Hesitancy is nothing new for Egypt's opposition, which has lacked a killer instinct and effective command structure from the beginning, said Robert Becker, a Cairo-based political consultant who advised Egyptian parties for the National Democratic Institute. (Becker and dozens of employees of NDI and other civil-society groups are currently on trial for their work.)
"Statistically it's there, but to win this [referendum] they need message and organization," he said. "Organically, it's happening, but it's not because of the direction of any of these liberal parties."
Unofficial results show that the Dec. 15 poll had perhaps the lowest turnout of any vote since the revolution. Earlier mobilization could have made the difference in getting more "no" voters to the polls.
The NSF's "no" campaign team received the results of two opinion polls on Dec. 13 and 14, too late to be of use. The polls, each involving phone or personal interviews with around 1,200 mostly male subjects across the country, showed roughly 30 percent of those surveyed remained undecided.
"This [vote] can go anywhere based on our polling in the first 10 governorates," the team member said.
The opposition's hard line -- no negotiations and continued protests -- was intended to give them political leverage, but when the decision finally came to get out the "no" vote, "It was too late ... to increase the effectiveness of the marketing campaign."
Egypt's opposition leaders may be facing an existential moment: If they can't exploit cracks within the Muslim Brotherhood's dominance now, after the Islamist organization has stumbled so publicly, they risk being marginalized in another Islamist parliament -- one that is unlikely to be dissolved like its predecessor. But the political diversity that makes the opposition a formidable Brotherhood foe also hinders its ability to coordinate.
Egypt's new opposition not only contains longtime revolutionaries, but also those who supported Ahmed Shafiq, Mubarak's last prime minister and Morsy's foe in the presidential election, as well as others with ties to the former regime. Some inside the coalition are uneasy with their new friends -- not only Shafiq, who is persona non grata, but also figures like Mubarak's former foreign minister, Amr Moussa.

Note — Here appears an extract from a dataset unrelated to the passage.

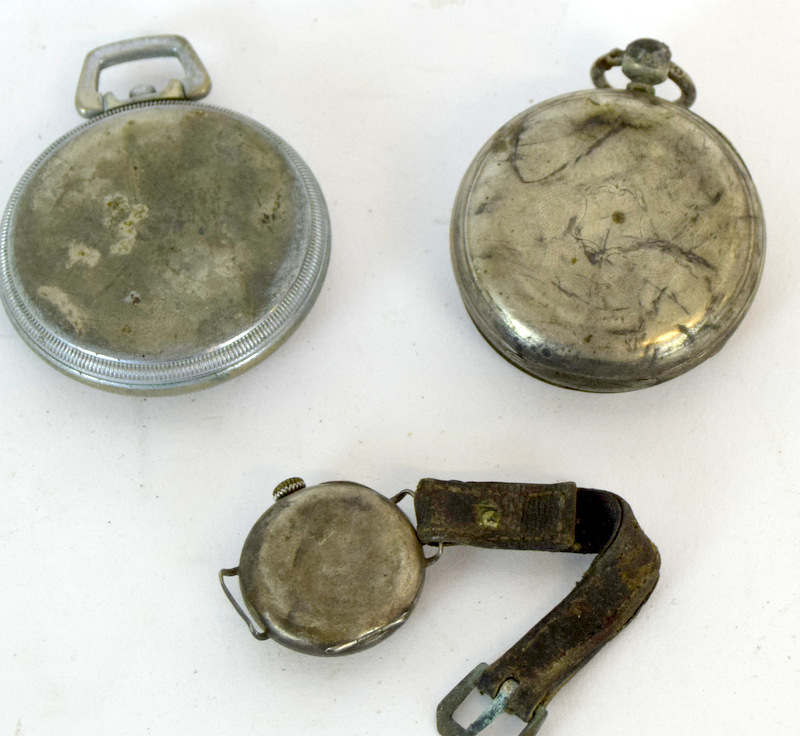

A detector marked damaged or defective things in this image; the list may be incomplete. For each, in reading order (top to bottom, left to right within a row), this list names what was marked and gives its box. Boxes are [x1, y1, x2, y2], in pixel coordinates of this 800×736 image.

"I refuse Moussa," said Mamdouh Salah, a 32-year-old civil engineer and chief of the Social Democrats' street campaign in Mahalla. The industrial city of some half a million people in the Delta is known for its restive labor movement, and the governorate as a whole joined Cairo in voting against the constitution.
On the wall of the third-floor office, just above a women's beauty salon, nobody had removed a sticker showing Moussa's face next to those of Shafiq and feared former intelligence chief Omar Suleiman. A relic of the May presidential campaign, it stated "they can't rule," and below, "we're not going to vote for the old system or their supporters."
Salah said he wouldn't blame the Salvation Front's leadership for working with the "remnants" of Mubarak's regime and that he would try to win over voters of all factions, but he said that they would not be his political partners.
"Here in Mahalla, we have a revolutionary perspective," he said.
For him, the battle for the referendum was far from the main event -- his goal was nothing less than to defeat by almost any means a Brotherhood regime that he believed had committed the same sins as Mubarak.
"Voting up or down won't solve the problem from its roots," he said. "Egypt is not a stable country."